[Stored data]
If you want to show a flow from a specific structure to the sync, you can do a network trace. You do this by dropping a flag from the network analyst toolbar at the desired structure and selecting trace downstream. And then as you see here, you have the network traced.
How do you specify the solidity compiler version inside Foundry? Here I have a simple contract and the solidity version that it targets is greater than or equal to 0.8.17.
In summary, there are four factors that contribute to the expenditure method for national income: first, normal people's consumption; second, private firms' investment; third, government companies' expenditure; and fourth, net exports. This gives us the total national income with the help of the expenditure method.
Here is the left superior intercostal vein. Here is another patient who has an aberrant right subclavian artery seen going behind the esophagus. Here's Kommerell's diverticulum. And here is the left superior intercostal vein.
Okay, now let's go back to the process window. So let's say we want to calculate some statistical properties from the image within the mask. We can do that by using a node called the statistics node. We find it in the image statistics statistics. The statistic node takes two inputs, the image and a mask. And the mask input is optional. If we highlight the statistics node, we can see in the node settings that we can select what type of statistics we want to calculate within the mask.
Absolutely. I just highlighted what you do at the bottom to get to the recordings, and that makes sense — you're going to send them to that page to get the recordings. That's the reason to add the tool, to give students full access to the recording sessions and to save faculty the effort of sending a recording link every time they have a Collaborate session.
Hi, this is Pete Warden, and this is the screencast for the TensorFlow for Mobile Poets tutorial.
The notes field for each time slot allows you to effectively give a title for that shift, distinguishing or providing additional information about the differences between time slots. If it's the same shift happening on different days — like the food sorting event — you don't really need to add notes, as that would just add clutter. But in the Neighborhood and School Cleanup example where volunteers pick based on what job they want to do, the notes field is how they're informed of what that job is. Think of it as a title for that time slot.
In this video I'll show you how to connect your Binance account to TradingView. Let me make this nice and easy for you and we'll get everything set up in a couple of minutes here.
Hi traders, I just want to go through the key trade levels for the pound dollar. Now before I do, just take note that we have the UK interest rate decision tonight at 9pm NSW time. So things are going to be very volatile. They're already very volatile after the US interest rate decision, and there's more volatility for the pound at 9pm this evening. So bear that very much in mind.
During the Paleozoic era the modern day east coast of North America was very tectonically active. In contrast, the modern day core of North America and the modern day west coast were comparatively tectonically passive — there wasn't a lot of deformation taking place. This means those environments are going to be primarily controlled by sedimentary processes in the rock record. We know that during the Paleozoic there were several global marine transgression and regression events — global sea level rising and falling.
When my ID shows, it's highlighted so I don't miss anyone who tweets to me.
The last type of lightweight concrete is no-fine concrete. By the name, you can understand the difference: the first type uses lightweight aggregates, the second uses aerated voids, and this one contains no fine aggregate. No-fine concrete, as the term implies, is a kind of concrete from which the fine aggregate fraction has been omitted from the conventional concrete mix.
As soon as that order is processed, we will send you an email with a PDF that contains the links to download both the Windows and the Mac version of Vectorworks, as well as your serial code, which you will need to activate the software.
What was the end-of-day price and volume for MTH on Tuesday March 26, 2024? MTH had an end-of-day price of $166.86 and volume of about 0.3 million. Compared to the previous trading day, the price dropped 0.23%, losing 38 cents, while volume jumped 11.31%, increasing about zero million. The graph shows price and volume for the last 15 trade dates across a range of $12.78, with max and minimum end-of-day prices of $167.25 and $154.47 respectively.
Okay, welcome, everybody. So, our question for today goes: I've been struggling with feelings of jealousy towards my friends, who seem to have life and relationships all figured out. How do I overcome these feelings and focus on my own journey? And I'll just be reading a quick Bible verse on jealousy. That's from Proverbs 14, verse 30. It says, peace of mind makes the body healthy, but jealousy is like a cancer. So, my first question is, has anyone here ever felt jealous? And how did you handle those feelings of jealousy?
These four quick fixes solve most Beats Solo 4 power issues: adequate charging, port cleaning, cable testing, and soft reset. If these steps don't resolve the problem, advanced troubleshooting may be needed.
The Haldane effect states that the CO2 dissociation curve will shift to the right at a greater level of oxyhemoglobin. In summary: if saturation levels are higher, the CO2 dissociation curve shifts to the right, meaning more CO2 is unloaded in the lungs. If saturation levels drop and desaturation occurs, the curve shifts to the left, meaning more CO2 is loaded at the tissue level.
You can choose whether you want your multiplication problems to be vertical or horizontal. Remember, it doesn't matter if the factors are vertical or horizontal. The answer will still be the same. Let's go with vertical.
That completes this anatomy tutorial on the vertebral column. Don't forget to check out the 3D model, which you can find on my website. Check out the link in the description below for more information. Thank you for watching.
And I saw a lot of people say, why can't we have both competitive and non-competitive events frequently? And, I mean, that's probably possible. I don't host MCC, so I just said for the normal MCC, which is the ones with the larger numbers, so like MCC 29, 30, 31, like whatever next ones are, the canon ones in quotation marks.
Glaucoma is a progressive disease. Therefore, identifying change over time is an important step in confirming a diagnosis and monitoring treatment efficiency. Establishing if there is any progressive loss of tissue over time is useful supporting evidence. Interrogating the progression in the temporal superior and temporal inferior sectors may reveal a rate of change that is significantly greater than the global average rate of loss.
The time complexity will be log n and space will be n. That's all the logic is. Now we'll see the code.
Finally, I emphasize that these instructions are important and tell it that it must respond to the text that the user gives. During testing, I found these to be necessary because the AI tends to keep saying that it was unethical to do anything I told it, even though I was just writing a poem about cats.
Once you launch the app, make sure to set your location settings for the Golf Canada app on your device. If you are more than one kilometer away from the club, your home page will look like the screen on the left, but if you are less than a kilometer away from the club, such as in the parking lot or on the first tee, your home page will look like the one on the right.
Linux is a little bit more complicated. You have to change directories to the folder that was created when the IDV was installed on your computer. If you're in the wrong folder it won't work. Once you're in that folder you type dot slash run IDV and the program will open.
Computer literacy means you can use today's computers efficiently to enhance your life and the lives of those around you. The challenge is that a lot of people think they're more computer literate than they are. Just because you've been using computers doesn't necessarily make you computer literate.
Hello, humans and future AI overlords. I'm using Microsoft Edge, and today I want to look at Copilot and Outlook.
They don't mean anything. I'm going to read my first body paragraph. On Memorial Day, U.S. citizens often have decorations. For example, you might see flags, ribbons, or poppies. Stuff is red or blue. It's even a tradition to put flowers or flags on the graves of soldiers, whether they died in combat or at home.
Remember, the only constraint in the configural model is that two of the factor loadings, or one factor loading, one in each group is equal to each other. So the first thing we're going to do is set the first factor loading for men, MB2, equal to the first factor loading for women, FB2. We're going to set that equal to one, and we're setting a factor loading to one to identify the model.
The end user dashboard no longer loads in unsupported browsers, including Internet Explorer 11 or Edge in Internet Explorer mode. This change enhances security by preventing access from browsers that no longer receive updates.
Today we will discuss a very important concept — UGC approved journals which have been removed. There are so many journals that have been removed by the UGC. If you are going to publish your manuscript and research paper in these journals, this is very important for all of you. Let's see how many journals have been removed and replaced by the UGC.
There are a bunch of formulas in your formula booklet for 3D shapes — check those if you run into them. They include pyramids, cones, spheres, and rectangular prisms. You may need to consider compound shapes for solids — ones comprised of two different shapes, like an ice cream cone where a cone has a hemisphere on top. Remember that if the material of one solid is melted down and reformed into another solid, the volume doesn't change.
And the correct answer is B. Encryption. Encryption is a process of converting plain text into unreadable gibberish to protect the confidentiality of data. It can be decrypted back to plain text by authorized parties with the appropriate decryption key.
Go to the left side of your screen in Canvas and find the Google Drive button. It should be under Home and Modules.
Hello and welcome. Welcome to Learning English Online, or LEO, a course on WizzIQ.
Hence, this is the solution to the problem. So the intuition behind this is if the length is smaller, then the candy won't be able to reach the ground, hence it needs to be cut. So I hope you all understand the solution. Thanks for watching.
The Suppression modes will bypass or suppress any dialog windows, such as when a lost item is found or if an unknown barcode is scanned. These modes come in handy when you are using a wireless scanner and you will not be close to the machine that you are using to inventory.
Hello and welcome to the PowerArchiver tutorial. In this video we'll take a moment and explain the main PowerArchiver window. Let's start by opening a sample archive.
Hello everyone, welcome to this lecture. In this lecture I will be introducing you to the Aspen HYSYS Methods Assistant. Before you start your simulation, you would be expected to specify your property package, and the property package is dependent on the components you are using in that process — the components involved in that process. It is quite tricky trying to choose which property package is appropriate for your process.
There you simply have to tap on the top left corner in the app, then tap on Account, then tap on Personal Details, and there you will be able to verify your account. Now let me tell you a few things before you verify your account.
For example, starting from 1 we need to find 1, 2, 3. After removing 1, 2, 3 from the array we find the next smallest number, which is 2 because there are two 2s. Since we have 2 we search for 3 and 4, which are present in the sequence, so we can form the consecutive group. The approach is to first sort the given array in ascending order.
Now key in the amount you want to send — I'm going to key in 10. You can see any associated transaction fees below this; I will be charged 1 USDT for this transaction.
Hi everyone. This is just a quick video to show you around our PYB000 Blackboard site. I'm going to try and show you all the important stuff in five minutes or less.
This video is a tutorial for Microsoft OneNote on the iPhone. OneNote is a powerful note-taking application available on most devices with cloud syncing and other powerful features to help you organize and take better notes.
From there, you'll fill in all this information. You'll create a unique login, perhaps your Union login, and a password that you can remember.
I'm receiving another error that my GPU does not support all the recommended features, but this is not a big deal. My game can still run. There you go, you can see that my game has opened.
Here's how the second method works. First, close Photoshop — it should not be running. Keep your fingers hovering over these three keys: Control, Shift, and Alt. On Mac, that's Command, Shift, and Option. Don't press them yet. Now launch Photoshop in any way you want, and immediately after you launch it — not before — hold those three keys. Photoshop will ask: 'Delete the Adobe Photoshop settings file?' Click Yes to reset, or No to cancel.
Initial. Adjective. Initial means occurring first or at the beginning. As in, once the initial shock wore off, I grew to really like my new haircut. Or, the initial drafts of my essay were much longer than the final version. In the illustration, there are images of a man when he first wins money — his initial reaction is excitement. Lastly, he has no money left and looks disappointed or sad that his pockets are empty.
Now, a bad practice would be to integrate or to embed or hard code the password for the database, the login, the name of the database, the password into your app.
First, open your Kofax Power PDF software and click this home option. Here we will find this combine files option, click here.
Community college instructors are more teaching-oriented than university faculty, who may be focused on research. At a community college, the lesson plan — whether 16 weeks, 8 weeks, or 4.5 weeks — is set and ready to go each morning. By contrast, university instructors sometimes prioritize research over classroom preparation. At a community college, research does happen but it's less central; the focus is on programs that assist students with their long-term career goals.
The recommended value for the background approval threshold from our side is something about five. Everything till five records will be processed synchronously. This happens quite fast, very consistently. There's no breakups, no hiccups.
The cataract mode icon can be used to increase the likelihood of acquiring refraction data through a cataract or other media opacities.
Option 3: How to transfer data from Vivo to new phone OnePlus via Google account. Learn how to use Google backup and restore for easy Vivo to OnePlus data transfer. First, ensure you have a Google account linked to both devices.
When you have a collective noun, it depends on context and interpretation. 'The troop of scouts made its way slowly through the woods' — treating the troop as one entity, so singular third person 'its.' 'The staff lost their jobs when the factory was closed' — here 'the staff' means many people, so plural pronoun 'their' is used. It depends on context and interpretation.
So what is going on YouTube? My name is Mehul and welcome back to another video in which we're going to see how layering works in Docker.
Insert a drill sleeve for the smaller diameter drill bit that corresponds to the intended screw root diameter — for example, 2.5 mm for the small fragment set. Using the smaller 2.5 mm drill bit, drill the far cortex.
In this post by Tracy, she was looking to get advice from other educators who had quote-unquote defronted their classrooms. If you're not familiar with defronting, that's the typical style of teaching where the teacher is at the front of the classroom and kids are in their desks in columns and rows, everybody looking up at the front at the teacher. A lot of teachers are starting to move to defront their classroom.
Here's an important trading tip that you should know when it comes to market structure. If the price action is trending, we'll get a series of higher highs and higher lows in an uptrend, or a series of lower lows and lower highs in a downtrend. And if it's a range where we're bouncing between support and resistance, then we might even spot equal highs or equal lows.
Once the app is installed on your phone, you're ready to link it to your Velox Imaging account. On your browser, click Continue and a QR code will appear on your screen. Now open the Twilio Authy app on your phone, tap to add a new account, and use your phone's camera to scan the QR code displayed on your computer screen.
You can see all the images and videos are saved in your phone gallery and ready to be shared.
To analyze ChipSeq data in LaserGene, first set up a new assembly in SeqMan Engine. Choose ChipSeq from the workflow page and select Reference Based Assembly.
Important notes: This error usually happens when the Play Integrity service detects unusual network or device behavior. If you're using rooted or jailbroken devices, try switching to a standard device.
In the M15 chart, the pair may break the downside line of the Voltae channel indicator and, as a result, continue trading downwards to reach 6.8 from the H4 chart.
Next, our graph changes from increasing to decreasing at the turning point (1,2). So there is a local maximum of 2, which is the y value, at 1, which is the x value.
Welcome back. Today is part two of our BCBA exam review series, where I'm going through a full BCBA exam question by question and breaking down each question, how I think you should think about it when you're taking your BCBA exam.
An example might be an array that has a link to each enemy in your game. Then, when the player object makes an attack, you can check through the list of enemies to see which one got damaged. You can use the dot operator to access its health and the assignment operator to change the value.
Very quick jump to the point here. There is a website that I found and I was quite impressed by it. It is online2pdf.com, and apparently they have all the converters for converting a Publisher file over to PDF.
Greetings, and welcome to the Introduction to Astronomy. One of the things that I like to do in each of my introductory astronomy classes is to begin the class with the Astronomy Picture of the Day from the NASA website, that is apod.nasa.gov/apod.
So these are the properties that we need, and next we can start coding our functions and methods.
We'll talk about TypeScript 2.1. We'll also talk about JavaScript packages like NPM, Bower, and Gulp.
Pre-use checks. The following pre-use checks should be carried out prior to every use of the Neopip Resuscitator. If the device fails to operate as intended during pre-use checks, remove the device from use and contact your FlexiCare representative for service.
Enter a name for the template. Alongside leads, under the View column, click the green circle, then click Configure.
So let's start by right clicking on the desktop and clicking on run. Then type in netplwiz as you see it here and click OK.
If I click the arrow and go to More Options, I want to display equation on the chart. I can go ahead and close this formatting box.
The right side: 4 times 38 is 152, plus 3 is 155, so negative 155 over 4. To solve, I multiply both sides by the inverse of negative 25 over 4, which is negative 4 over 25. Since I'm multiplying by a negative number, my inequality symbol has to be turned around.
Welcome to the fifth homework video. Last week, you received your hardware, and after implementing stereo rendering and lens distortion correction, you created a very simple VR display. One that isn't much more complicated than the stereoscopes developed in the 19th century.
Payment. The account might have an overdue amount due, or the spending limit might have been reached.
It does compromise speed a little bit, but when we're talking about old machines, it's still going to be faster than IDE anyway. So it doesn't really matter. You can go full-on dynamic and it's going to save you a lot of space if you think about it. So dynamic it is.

Task brief → Scan the lines above for "Finally, I emphasize" and for "Once you launch". Repeat exactly the line holding each of them and every line in between.

Task solution →
Finally, I emphasize that these instructions are important and tell it that it must respond to the text that the user gives. During testing, I found these to be necessary because the AI tends to keep saying that it was unethical to do anything I told it, even though I was just writing a poem about cats.
Once you launch the app, make sure to set your location settings for the Golf Canada app on your device. If you are more than one kilometer away from the club, your home page will look like the screen on the left, but if you are less than a kilometer away from the club, such as in the parking lot or on the first tee, your home page will look like the one on the right.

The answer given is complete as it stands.